Con el fenómeno de los centros comerciales la vida en Moscú se ha hecho mucho más fácil. Dentro de esos castillos modernos está todo lo que se pueda necesitar. Desde el quiosco de prensa hasta boutiques de alta costura. Modernos supermercados inimaginables hace una década, cuando Rusia todavía daba los últimos estornudos de su penúltima crisis. Cines, cafeterías, restaurantes, joyerías... muchas joyerías, pistas de patinaje, jugueterías, boutiques de hilos y telas, centros de belleza y piscinas, jabones olorosos, trajes para mascotas, helados aunque en la calle haga 15 grados bajo cero, corbaterías, sastrerías, maquillajes, perfumes, bancos, dinero, dinero.
Nada nuevo, supongo. Igual que en otras ciudades occidentales y orientales, la vida ha pasado de la calle al centro comercial. Es como si al bulevar le hubiesen quitado unos cuantos árboles, le hubiesen puesto muros y le hubiesen añadido cuatro o cinco pisos. Pero con los centros comerciales el vecindario ha perdido sus dimensiones. Iguales, repetitivos, todos los barrios comienzan en la parada de metro y terminan dando un paseo por el nuevo bulevar.

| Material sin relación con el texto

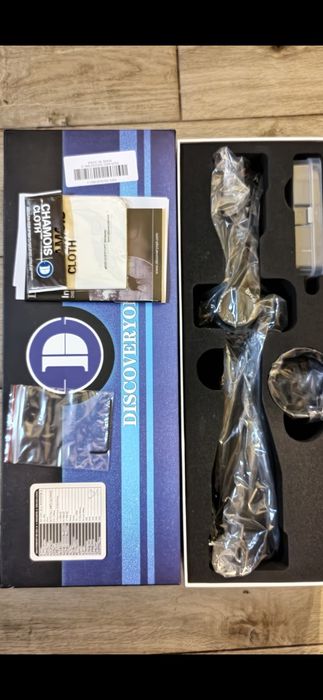 Оптичен мерник Discovery Optics HD GEN-II 5-30x56SFIR FFP ZERO-STOP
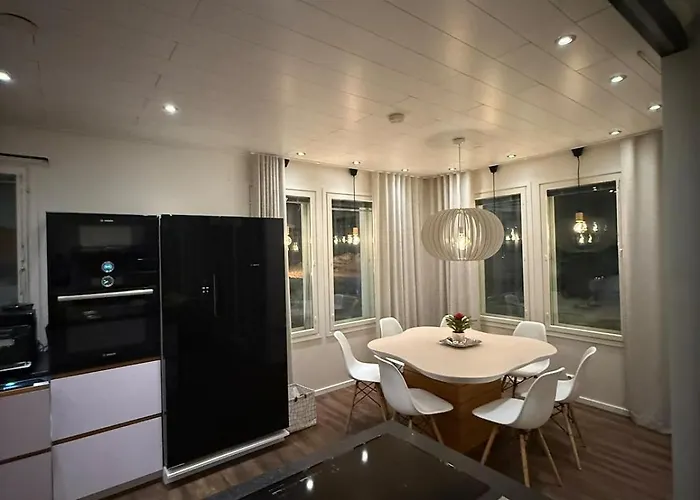 Magic Of Christmas Villa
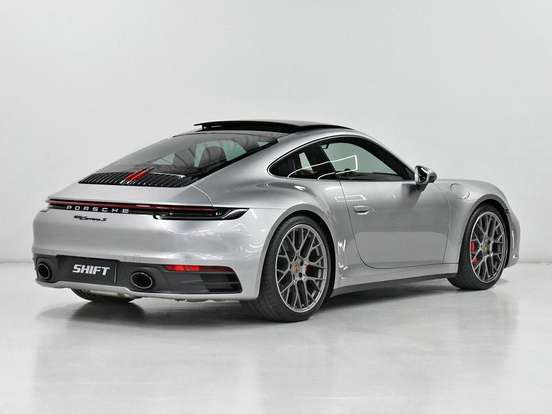 PORSCHE-911-3.0 24V H6 GASOLINA CARRERA S PDK PORSCHE-911-2021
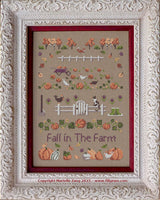Filigram - Fall in the Farm **needlework marketplace**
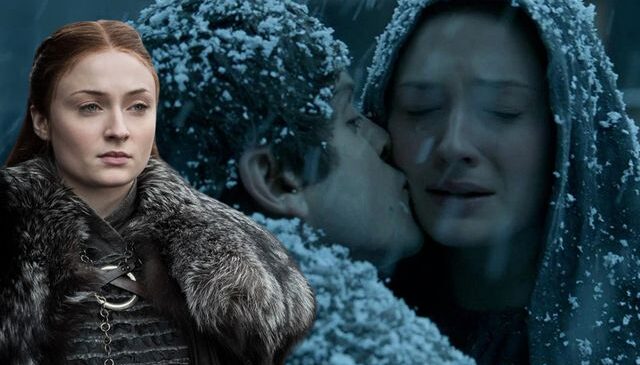 Sophie Turner: Cinsel ilişki nedir Game of Thrones’ta öğrendim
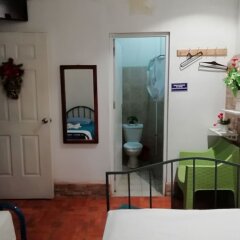 Hostal Ruinas de San Sebastian - Hostel in Leon, Nicaragua from 84$, photos, reviews - zenhotels.com room amenities
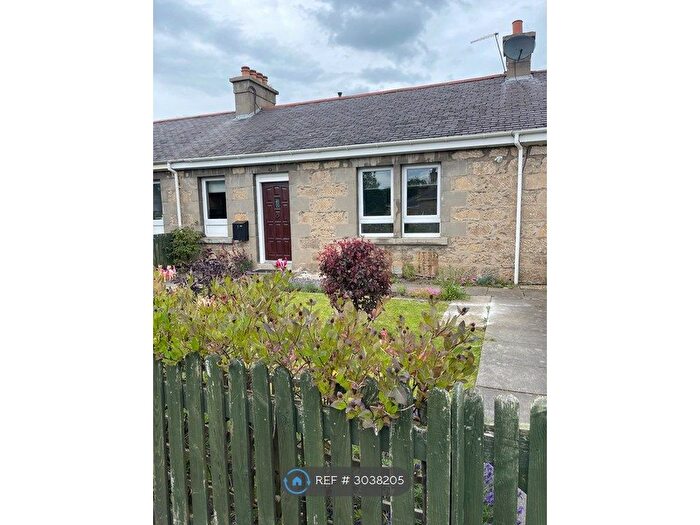 1 Bedroom Bungalow To Rent In Roysvale Place, Forres, IV36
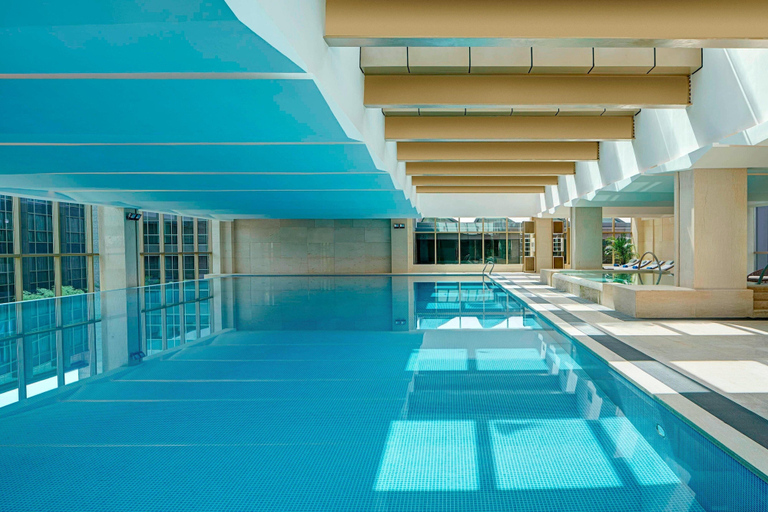 Sport & Beauty 2, Sheraton Shanghai Chongming Hotel, Shanghai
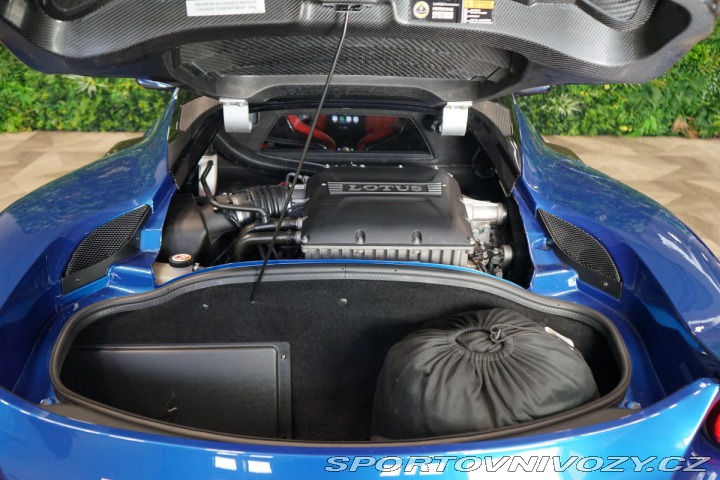 Lotus Evora 400*3.5L*V6*2+2*CARBON*MA 2017
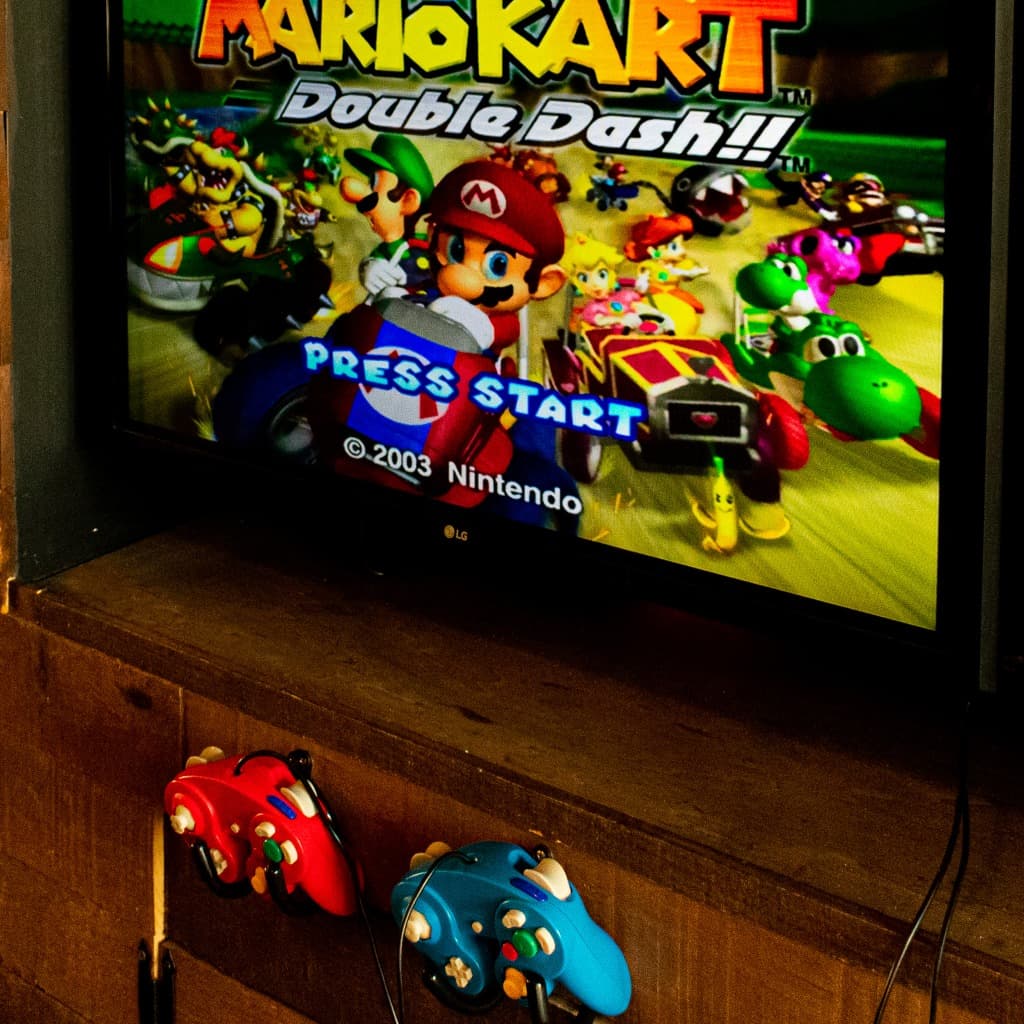 Console Gaming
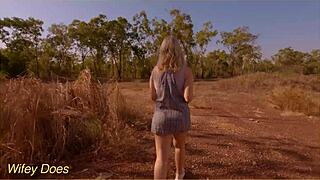 Did My Wife Really Strip Nude in Public and Lock Her Dress Away?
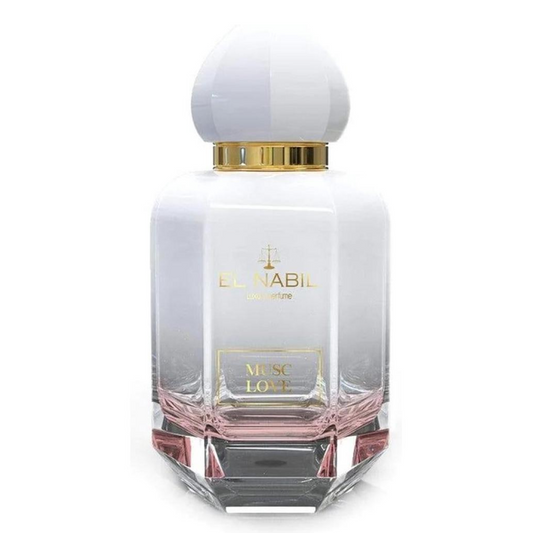 2 * 65 ml el Nabil - Musc Love - Eau de Parfum Mixte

No es este el único fenómeno del progreso uniforme de Moscú. También se han reproducido como setas las cafeterías de diseño, donde realmente es un placer desayunar un capuccino o tomarse a media mañana un café con unos crepes de chocolate fundido. Las cadenas Shokoladnitsa, KafeMania o Kofe House, han llenado espacios en Moscú que antes sólo existían en el imaginario colectivo de las películas a orillas del Sena o de la Gran Manzana neoyorquina. Ahora están al alcance de la mano, en cualquier esquina del centro de la ciudad y en todos los centros comerciales más alejados.
Son realmente acogedoras. Pero desesperadamente iguales, tanto en el diseño de sus lámparas que semejan granazos de café tostado, en sus cómodos sillones de eskay, como en el invariable menú. Hay tantas que a veces te parece estar soñando, porque no puedes comprender cómo pueden ser rentables tres de estos establecimientos en la misma calle a menos de doscientos metros de distancia uno de otro. Y a veces pertenecen a la misma cadena. Debe ser que los petrodólares hay que invertirlos, ya sea en cafeterías, en supermercados, o en tiendas de moda que no conocen cliente.
Ahora, es decir, con la última crisis encima, muchas cosas también cambiarán. De momento, esos centros comerciales pueden quedar algo vacíos. En los últimos meses del 2008 muchas empresas han dejado de pagar sueldos, han suprimido pluses, han despedido a miles de trabajadores o les han enviado a casa a pasar unas largas vacaciones. Los rusos han viajado en estas fiestas un 20% menos que hace un año y se teme que entre enero y febrero de este 2009 pierdan su trabajo 240.000 personas en todo el país. El diario Moskovsky Komsomolets explicaba que en 2007 las joyerías vendían como churros anillos de brillantes que costaban entre 25.000 y 30.000 rublos (800-1.000 euros). En esta temporada se daban con un canto en los dientes cada vez que aparecía un cliente.
Pero el gobierno ruso no quiere ser alarmista y tiene sobre la mesa nuevos proyectos que harán de Moscú una ciudad más repetitiva. El primer ministro, Vladimir Putin, visitó hace unos días el nuevo tren superrápido que dentro de un año unirá Moscú y San Petersburgo en 3 horas y 45 minutos. El Sapsan, construido por la alemana Siemens, alcanzó en pruebas los 400 kilómetros por hora. Pero en Rusia sólo circulará a 250. A los Ferrocarriles Rusos, la compañía que más reducirá su plantilla a causa de la crisis (39.000 trabajadores menos) según datos del diario Trud, cada Sapsan le costará 43 millones de euros.
Será como un tren europeo, o norteamericano, o japonés, o de la China capitalista. Ya no sé si en la estación de Leningradsky quedará todavía esa sensación de viejo, de soviético, de que el tiempo no ha pasado y allí estás tú. Frente al tren moderno, sí es el progreso, pero tal vez tengamos la impresión de habernos visto antes en alguna parte.